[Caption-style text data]
-------

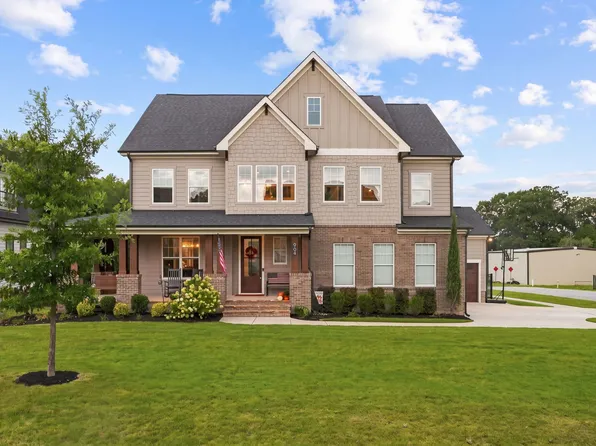904 Shiloh Hills Dr, Fuquay Varina, NC 27526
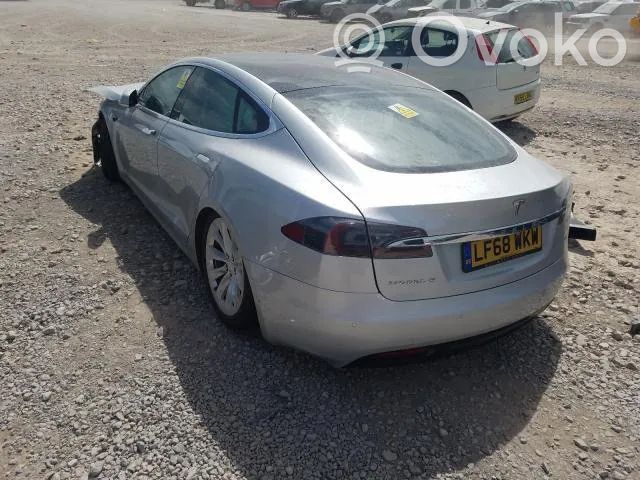 Model S Tesla Model S  834399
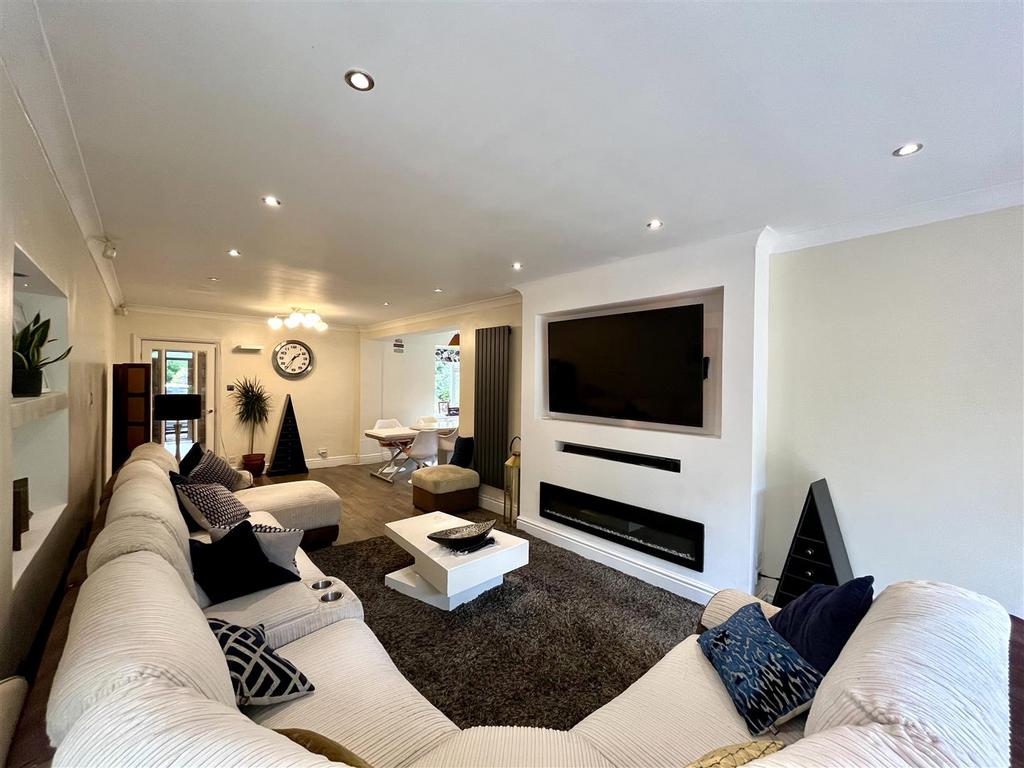 Living Area Aspect 3
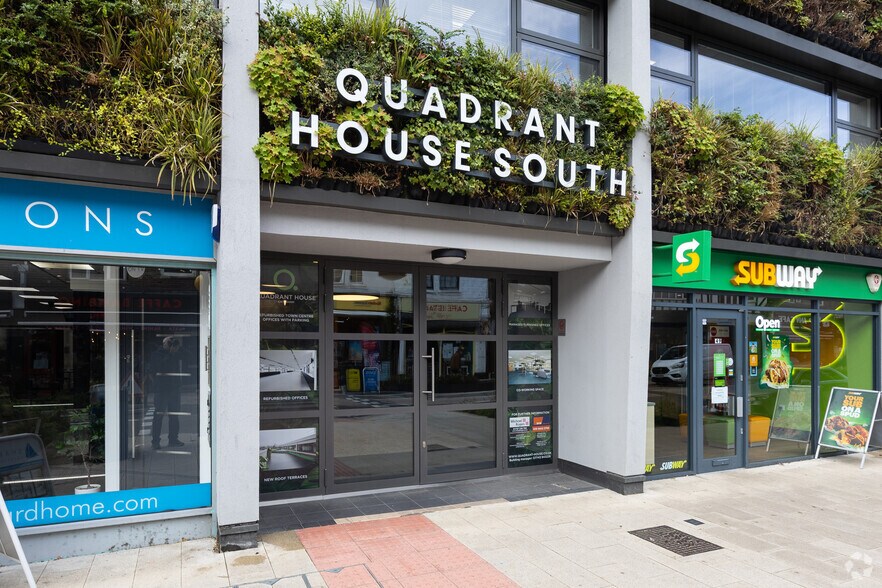 31-65A Croydon Rd, Caterham à louer - Photo de l’immeuble – Image 3 sur 7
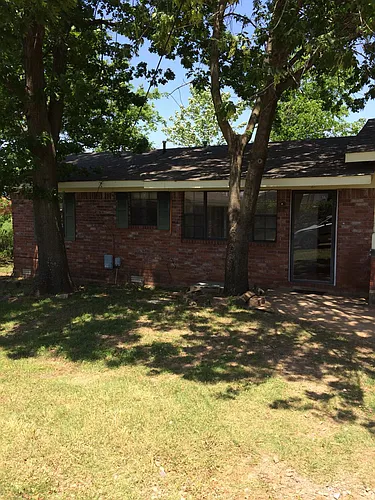 8106 Highway 271 S #2 Photo 1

-------

→ **What is required**: Please write out every entry exactly, but skip the pictures.

→ **Exercise output**:
904 Shiloh Hills Dr, Fuquay Varina, NC 27526
 Model S Tesla Model S  834399
 Living Area Aspect 3
 31-65A Croydon Rd, Caterham à louer - Photo de l’immeuble – Image 3 sur 7
 8106 Highway 271 S #2 Photo 1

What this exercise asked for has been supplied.